Antes da BNCC os editores (e professores) tinham uma margem de manobra maior na questão do conteúdo, agora, além dos conteúdos definidos (baseados em competências) terão ainda definido o próprio sequenciamento dos conceitos envolvidos nos conteúdos. E de quebra, a questão das habilidades socioemocionais. Acabou a fase da “criatividade”, agora é material padronizado, para ensino padronizado e que deve apoiar uma avaliação padronizada. Tudo voltado para aumentar a nota do IDEB. No conceito de educação do MEC, nota mais alta é sinônimo de boa educação, e se você quer melhorar o desempenho nos exames, deve-se ensinar aquilo que cai na prova. Portanto, é preciso estreitar o ensino nas habilidades esperadas e que serão avaliadas. A consequência para os editores e professores era esperada. Para os estudantes, a consequência é o estreitamento curricular e o treino para os testes.

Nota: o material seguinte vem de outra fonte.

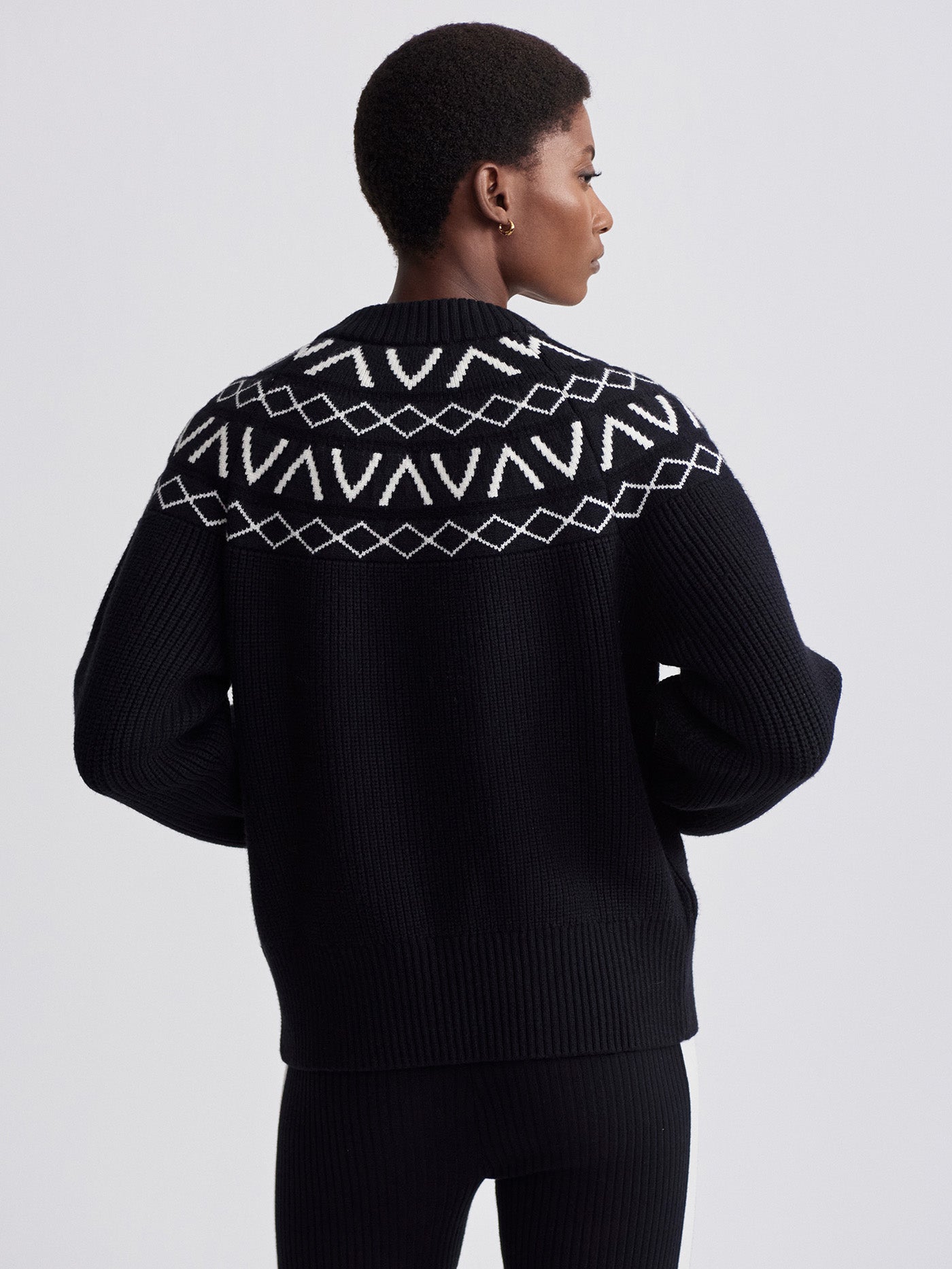 Varley Black Alys Fairisle Knit Jacket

Para os editores este é só o primeiro e talvez não seja o mais importante impacto. Em seguida, virá a disputa pelos materiais on line e, agora, como a produção tem escala nacional, as grandes corporações (p. ex. Pearson) já estão se posicionando no mercado. Penso que muito produtor vai ficar de fora principalmente quando as plataformas e materiais digitais se tornarem frequentes. Isso não significa que a disputa no campo dos materiais impressos será menor. Quem opera em um, pode operar também no outro.

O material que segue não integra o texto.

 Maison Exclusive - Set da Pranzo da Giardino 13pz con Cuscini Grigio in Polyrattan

Impacto semelhante é esperado também no campo da avaliação. As terceirizadas do INEP devem se preparar. Avalia-se pelos conteúdos anteriores ou pela BNCC? Do ponto de vista da elaboração em si da avaliação, não é tão complicado, pois parte-se dos objetivos e das competências. Mas e os estudantes? Eles aprenderam nos anos anteriores à implantação da Base com um conteúdo e, agora, estarão continuando a aprendizagem com outro. Por qual ele será avaliado? Um erro nesta transição, e os índices do IDEB vão cair. Uma das consequências será preparar os alunos para os testes através de simulados em plataformas digitais (já disponíveis) aumentando a pressão sobre a juventude e a segregação.

Sobre Luiz Carlos de Freitas

Professor aposentado da Faculdade de Educação da Universidade Estadual de Campinas - UNICAMP - (SP) Brasil.
Esse post foi publicado em Ideb, Mendonça no Ministério, Prova Brasil, Responsabilização/accountability e marcado , , , . Guardar link permanente.

3 respostas para BNCC: primeiros impactos nos materiais didáticos

  1. Áurea disse:

    Professor,

    Tudo isso é gravíssimo!!!
    Pode parecer detalhe, mas… Quem é o(a) infeliz que decidiu que o ciclo de vida de um material (livro didático) poderá ser de 6 anos???
    No formato atual 3 anos já é muito difícil a conservação. Os livros não vão durar.

    Triste….

  2. Olá professor Luis Carlos,

    Sou doutoranda na FEUSP e estou como visitante na Universidade da Califórnia. Mês passado, teve reunião na escola do meu filho em uma escola pública em Los Angeles para tratar do teste que as crianças iriam fazer.
    O nome do teste é Smart Balance Assessment Consortium e mede a proficiência das crianças em matemática e inglês. Daqueles que os reformistas educacionais adoram: alinhado a Base Comum Curricular daqui ( chamado Common Core), capacidade de medir o conhecimento das crianças com precisão, conectado às exigências do mercado de trabalho do século XXI,… Todo esse discurso aparece nitidamente no site do teste.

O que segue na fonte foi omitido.